I was thrown into a cell without water. When I asked the undercover police unit why they had been prowling around my house, they said, “We are watching you."

Thirsty, I asked for some water and was told, “Drink from the toilet.”

“Why am I being treated this way?” I wondered.

Later, an officer named Schultz came to tell me that because I had been shocked with a Taser gun, paramedics had been called to check me. However, no paramedics came to check me or my injured elbow.

At midnight , an officer told me that I had to pay $100 to get out. “What am I being charged with?” I protested. “I called 911 and the police beat me up in my front yard for no reason.”

My brother paid my bail and shortly after midnight I was pushed out onto the dark streets for the long walk home.
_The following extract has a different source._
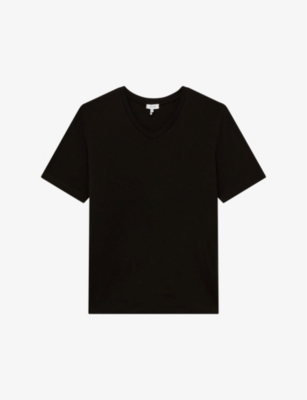 Reiss Mens Black Dayton V-neck Cotton-jersey T-shirt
I have good reason to believe that this operation was neither accidental nor an initiative of the local police. Whether this is how the Hoffman Estates police treat all arrests or if I received special treatment as part of an ADL-FBI operation remains an open question.

Shortly after the arrest, AFP Managing Editor Christopher J. Petherick spoke with Lt. Richard Russo, acting press spokesman for the Hoffman Estates Police Department, on Aug. 16.

Russo faxed American Free Press a copy of the “Media Information Release
Form,” which provided details about Bollyn's arrest.

Lt. Russo told Petherick the undercover officers were engaged in something
called "gang suppression" in Bollyn’s neighborhood.

Petherick asked Russo how a resident's 911 call could have escalated to the point that police officers threw Bollyn, who was un-armed and not intoxicated, to the ground and shot him with a Taser.

Russo told Petherick that the arresting officer had "physically" stopped Bollyn and Tasered him because Bollyn had made statements indicating that he was "going to go inside the house and get a weapon." Bollyn, however, has never even owned a weapon.

When AFP received a press release from the police, the charge that Bollyn had gone into the house to get a weapon had been dropped and replaced with phrasing that the officers felt he “may be trying to get a weapon.”

“Keep in mind that Christopher, who has no criminal record, was the person who called the police in the first place,” Petherick said.

“There are really two key scenarios at play here,” Petherick says. “At a minimum, this was a brutal demonstration of the violent militarization of U.S. law enforcement. At its worst, this is a deliberate attempt to intimidate and harass an U.S. reporter, who has been writing about some of the most controversial issues in America today.”

The following day, Chief Clint Herdegen contacted Bollyn but would only say that he was not prepared to answer any questions.